Also charged in the weekend police raid was Rob Newman, 45, an HIV-positive man who was thrust under the media spotlight more than a decade ago after he lost his wife and young son to AIDS.

Newman declined comment.

Kurt Fisher, 27, was also charged.

All three face drug counts including trafficking.

Police said they seized drugs worth nearly $1 million -- including 840 marijuana plants -- while raiding four units at 343 Richmond St. on Saturday.

"It's really upsetting," said an emotional Albert Hannon, who lives with HIV.

Hannon does maintenance work for the Compassion Society, which is housed in one of the units.

Hannon was among more than 12 people outside the courthouse to back the trio.

"His son died, his wife died and now this . . ." Hannon said of Newman.

Newman's wife, Kim, died in 1993 and his son, Robby, in 1995. Newman and another son, Tom, still live with the disease. The four were all diagnosed in 1991.

Only one child in the family, Jennifer, Kim's daughter from a previous marriage, was spared.

Newman has served on the board of London's AIDS Committee and been an advocate for medicinal marijuana.

The London Compassion Society was closed yesterday.

"This is going to kill some people," said Hannon.

"We have patients who couldn't get out of bed without medical marijuana, who couldn't eat a meal without vomiting. But now they live a normal life," he said.

Across Canada, compassion societies help people who use marijuana to ease the pains of diseases to acquire the drug.

The federal government strictly controls use of medicinal marijuana, through permits for patients and by licensing the marijuana supply to Health Canada.

But critics, such as pot-legalization crusader Marc Emery, formerly of London, say Ottawa has only one supplier and only about 1,500 people have been given the go-ahead to use pot -- and then must grow their own.

That, he said, despite a 2003 ruling by Ontario's highest court that said compassion centres "should get special consideration by police and, hopefully, by lawmakers" because they were the only available option to some.

Reached in British Columbia where he lives, Emery wondered why organizers of London's Compassion Society didn't have a police relationship that might have prevented such a bust.

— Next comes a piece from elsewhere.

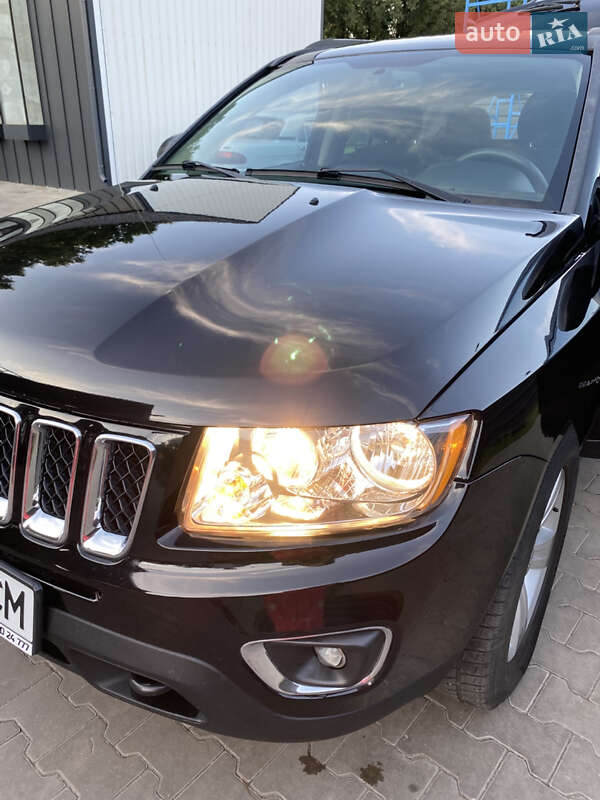 Внедорожник / Кроссовер Jeep Compass 2015 в Киеве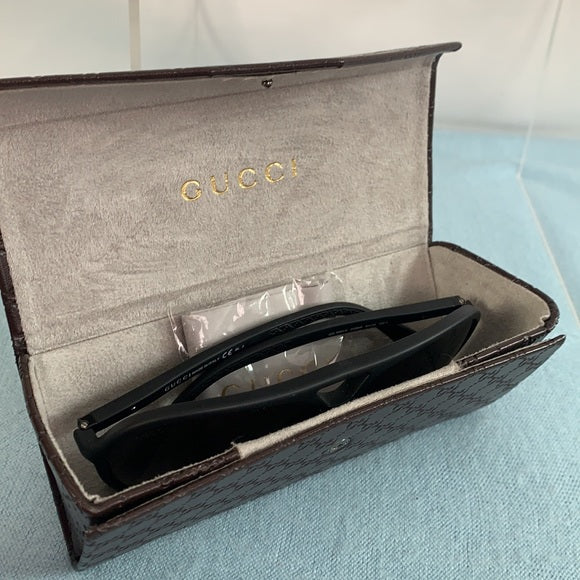 Gucci Black Frame Aviator with Case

"The thing is, 800 plants is clearly a large amount to be growing, so it probably would have been better to establish it with police," he said.

Ian Downie, a member of the London Compassion Society, wouldn't say what his illness is, but that the drug helps him cope with the side effects of needed medication.

The society's pot was "a clean drug" of good quality.

People were surprised police said they found drugs and magic mushrooms along with the more than 800 pot plants, said Steve Plantinga, a massage therapist at the Wellness Centre attached to the compassion society's offices.

"I've known Young and Newman for three years," he said. "They're all about organic stuff, not about anything hard-core."

Police said they couldn't ignore the Richmond Street operation because of potential danger. "Grow ops are fire hazards," said Const. Amanda Pfeffer, adding: "This is a building where there were other tenants living that had absolutely nothing to do with the compassionate society."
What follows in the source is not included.